====== DATA FOR REVIEW

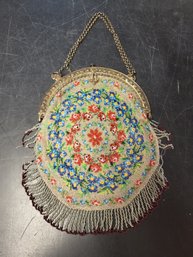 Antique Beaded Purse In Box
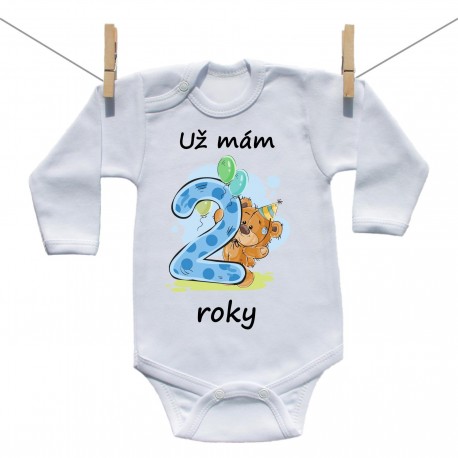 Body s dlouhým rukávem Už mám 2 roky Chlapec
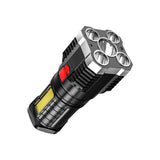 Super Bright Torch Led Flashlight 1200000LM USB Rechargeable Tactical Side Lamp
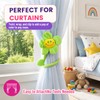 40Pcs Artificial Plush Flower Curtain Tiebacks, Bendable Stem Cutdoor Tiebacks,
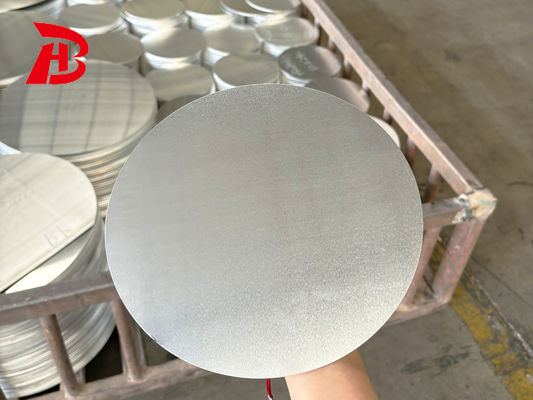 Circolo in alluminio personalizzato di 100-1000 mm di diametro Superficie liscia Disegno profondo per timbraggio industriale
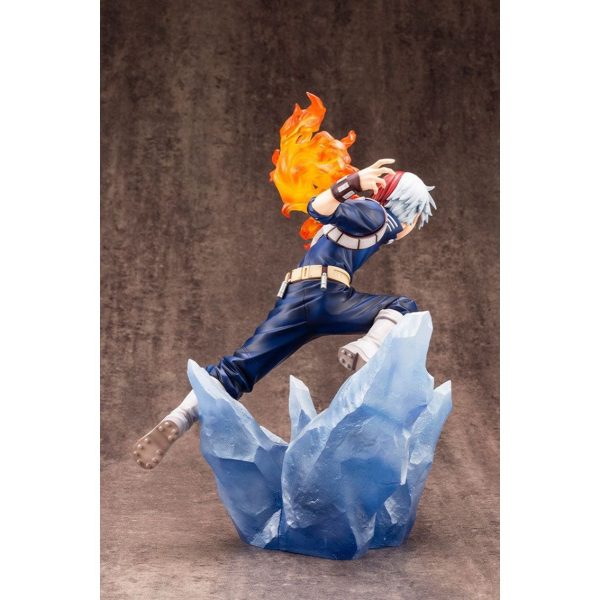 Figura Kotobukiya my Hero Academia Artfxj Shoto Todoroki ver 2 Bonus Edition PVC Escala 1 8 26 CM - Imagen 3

============
====== DATA FOR REVIEW

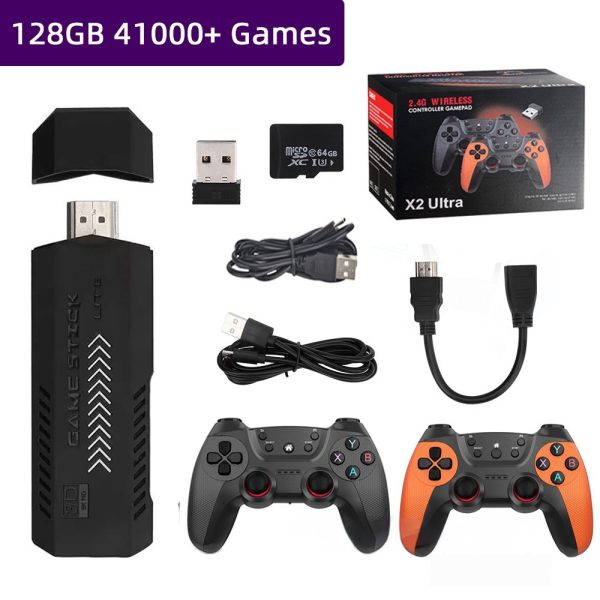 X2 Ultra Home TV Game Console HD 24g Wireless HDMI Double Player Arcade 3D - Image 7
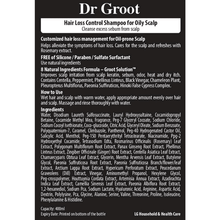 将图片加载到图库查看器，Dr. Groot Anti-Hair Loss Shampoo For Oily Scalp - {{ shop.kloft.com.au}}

============
====== DATA FOR REVIEW

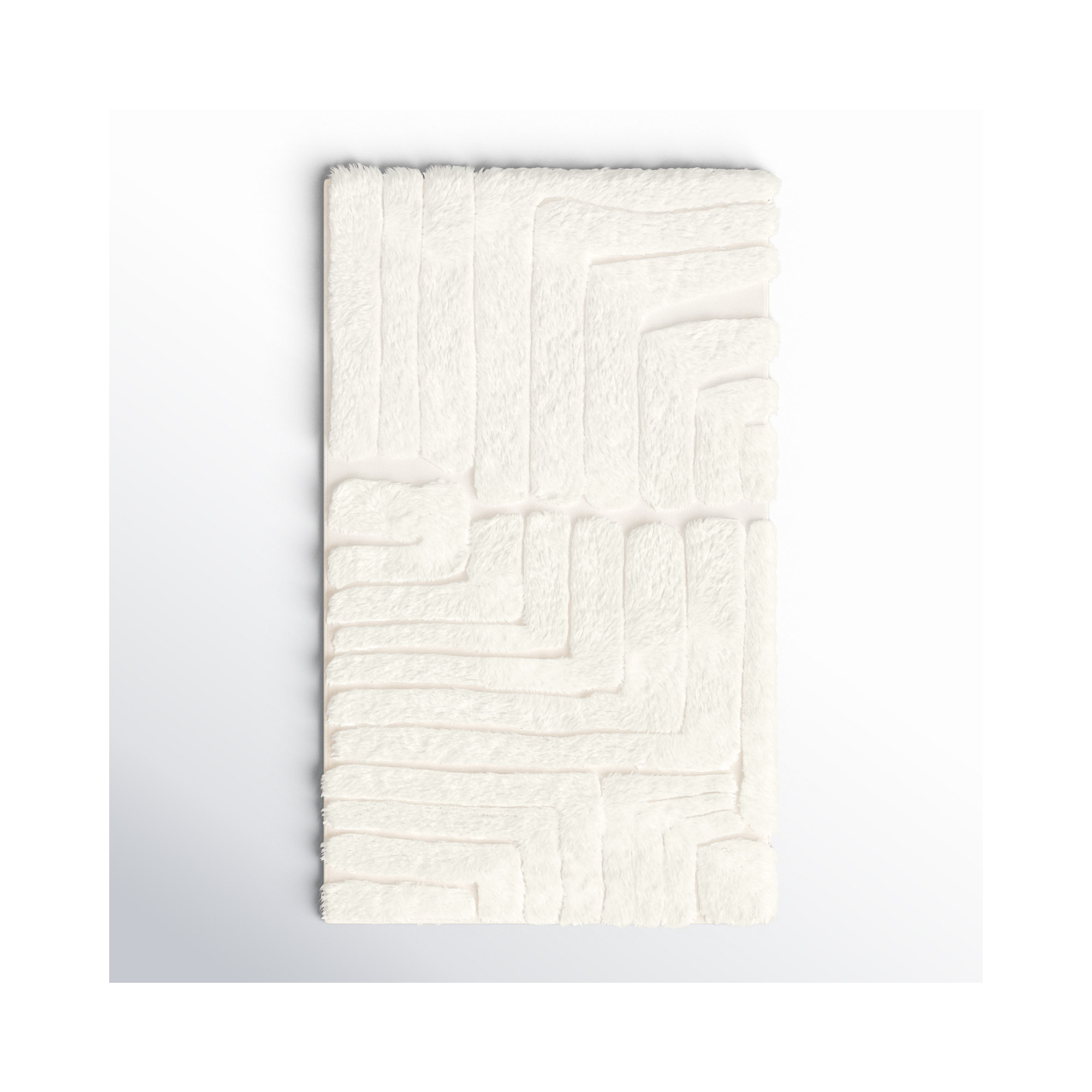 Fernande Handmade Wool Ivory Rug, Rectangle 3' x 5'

============

▶ EXERCISE AIM
An exact transcription is needed of the lines from the one with "Circolo in alluminio" to the one with "Figura Kotobukiya my" above, both ends included, with pictures left out.

▶ RESPONSE BOX
 Circolo in alluminio personalizzato di 100-1000 mm di diametro Superficie liscia Disegno profondo per timbraggio industriale
 Figura Kotobukiya my Hero Academia Artfxj Shoto Todoroki ver 2 Bonus Edition PVC Escala 1 8 26 CM - Imagen 3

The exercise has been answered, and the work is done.